> Work order
For the material below, reproduce exactly each line from the one that has "15 Python Grafiku" through the one that has "Infografica: Kyle of", and no others; pictures stay out.

> Data to examine
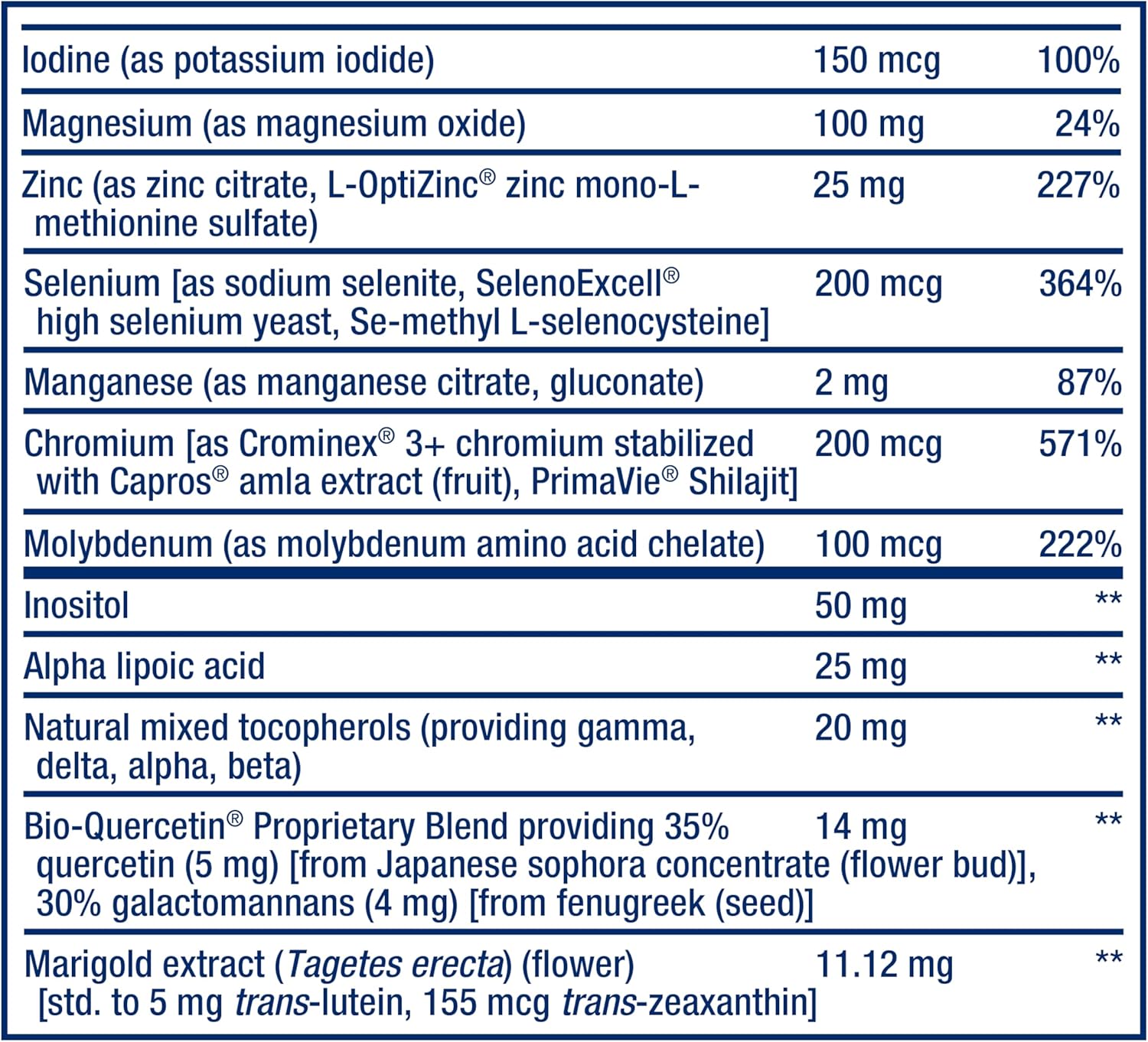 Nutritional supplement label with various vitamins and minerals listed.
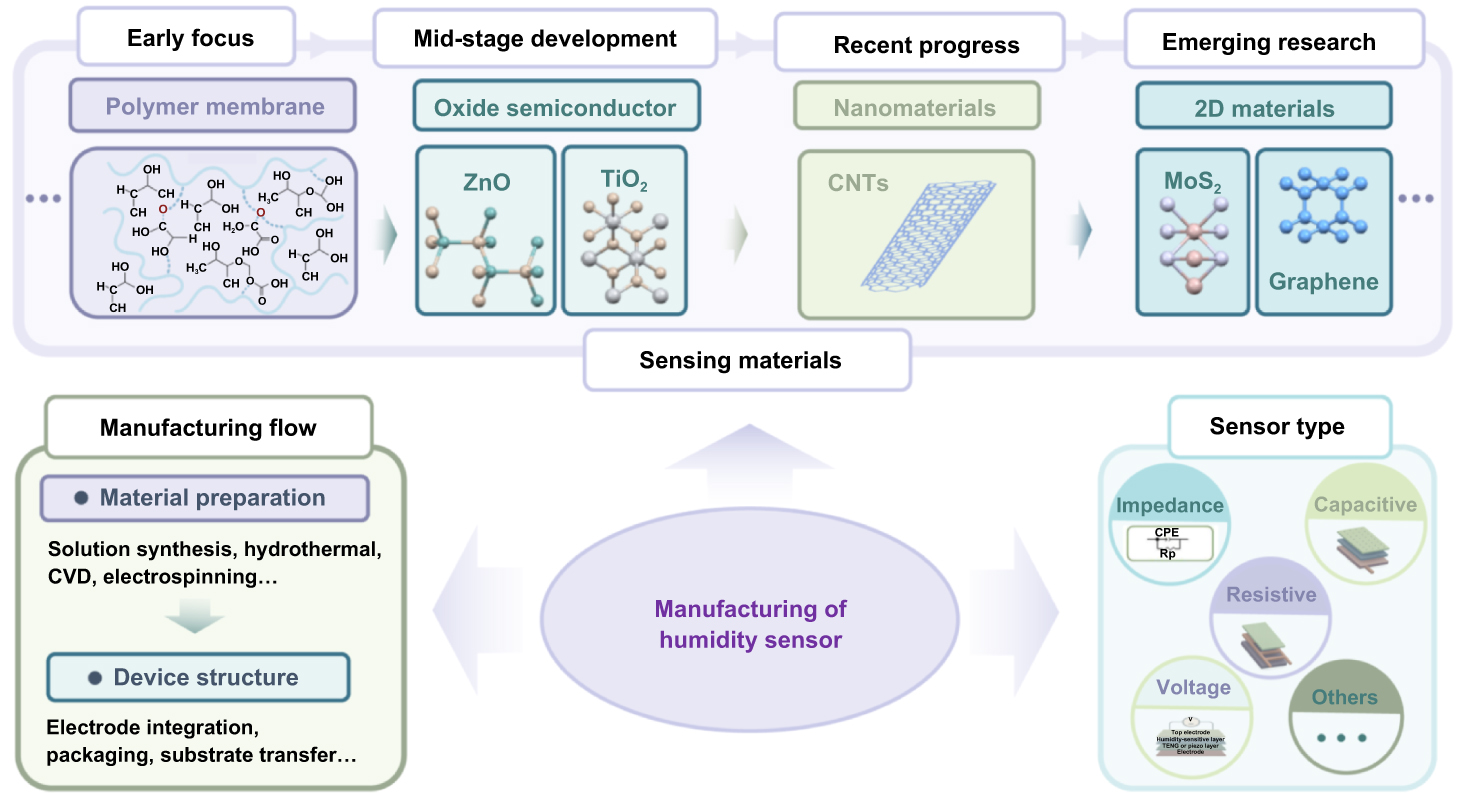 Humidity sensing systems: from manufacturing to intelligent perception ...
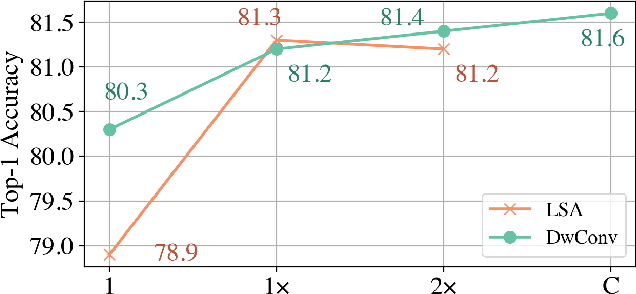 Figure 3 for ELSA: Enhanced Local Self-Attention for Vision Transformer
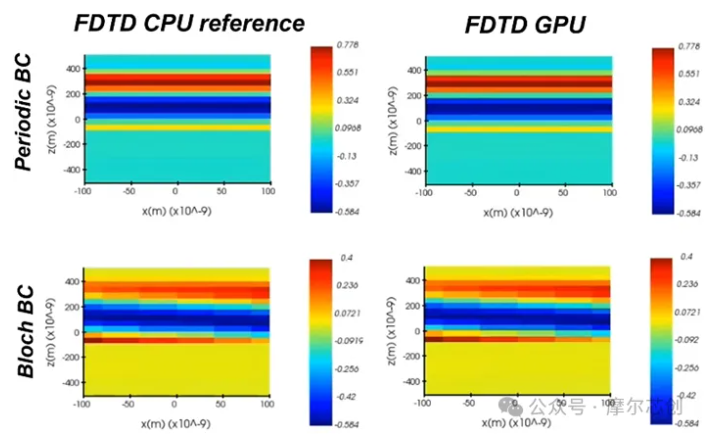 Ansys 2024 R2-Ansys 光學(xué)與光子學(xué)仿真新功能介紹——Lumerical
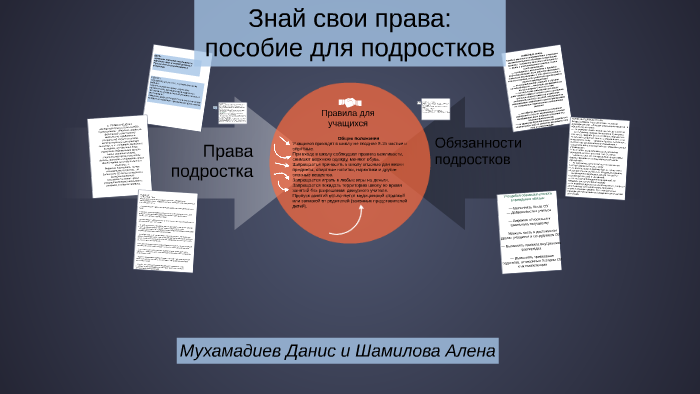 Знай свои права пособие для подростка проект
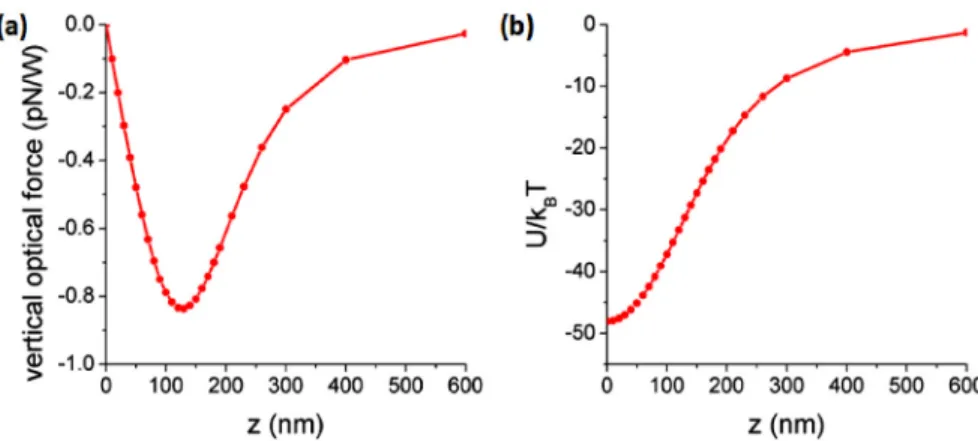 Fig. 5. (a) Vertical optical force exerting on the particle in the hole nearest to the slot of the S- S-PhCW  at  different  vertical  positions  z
---
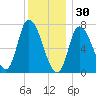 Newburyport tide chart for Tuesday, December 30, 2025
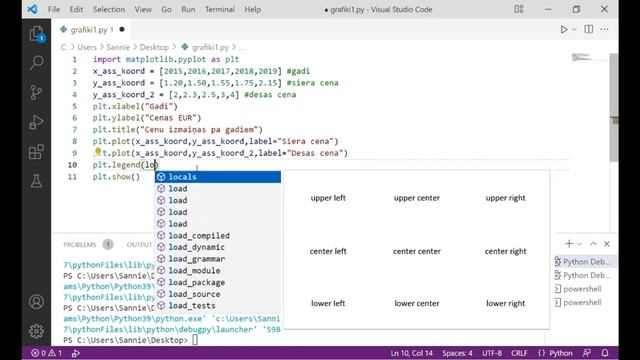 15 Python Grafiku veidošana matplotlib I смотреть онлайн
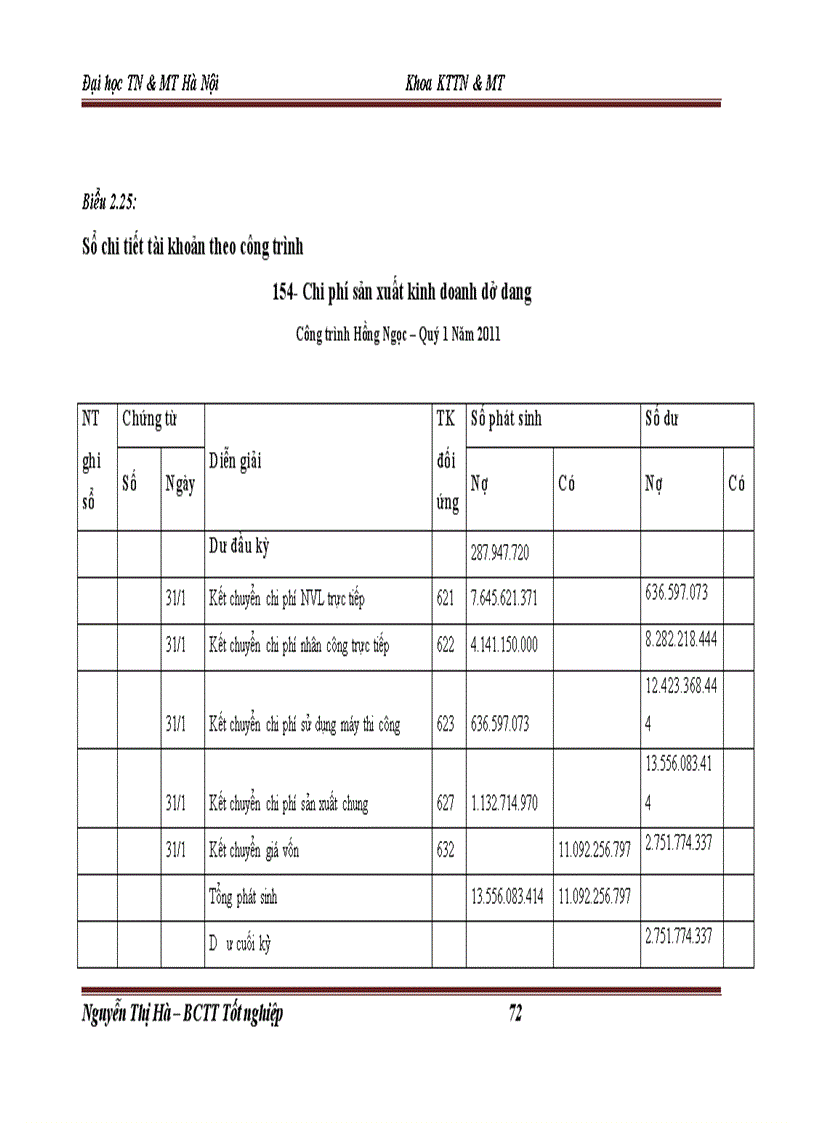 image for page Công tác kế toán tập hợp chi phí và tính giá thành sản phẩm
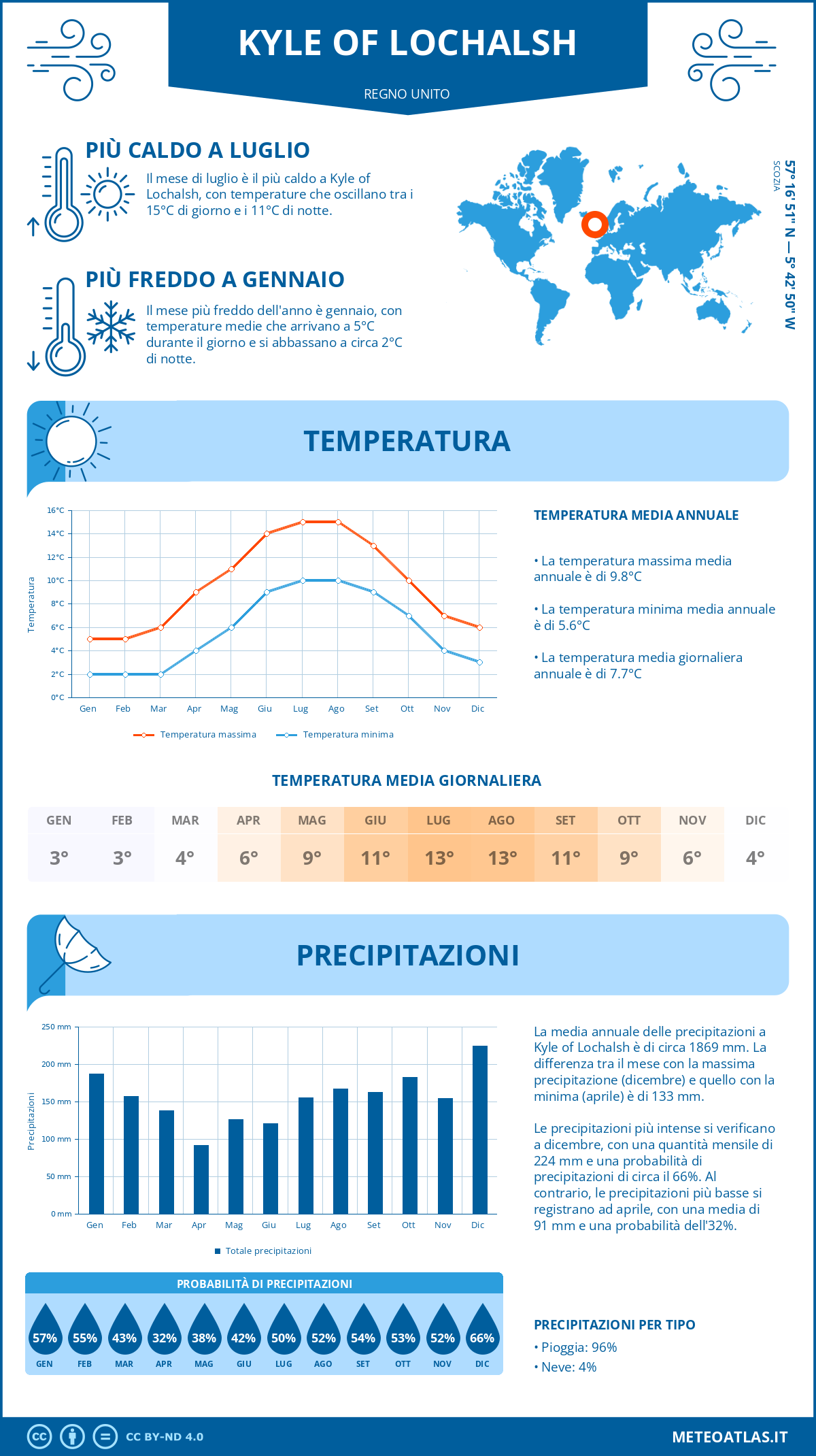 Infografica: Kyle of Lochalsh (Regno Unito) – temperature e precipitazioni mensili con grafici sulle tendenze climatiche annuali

> Solved problem
 15 Python Grafiku veidošana matplotlib I смотреть онлайн
 image for page Công tác kế toán tập hợp chi phí và tính giá thành sản phẩm
 Infografica: Kyle of Lochalsh (Regno Unito) – temperature e precipitazioni mensili con grafici sulle tendenze climatiche annuali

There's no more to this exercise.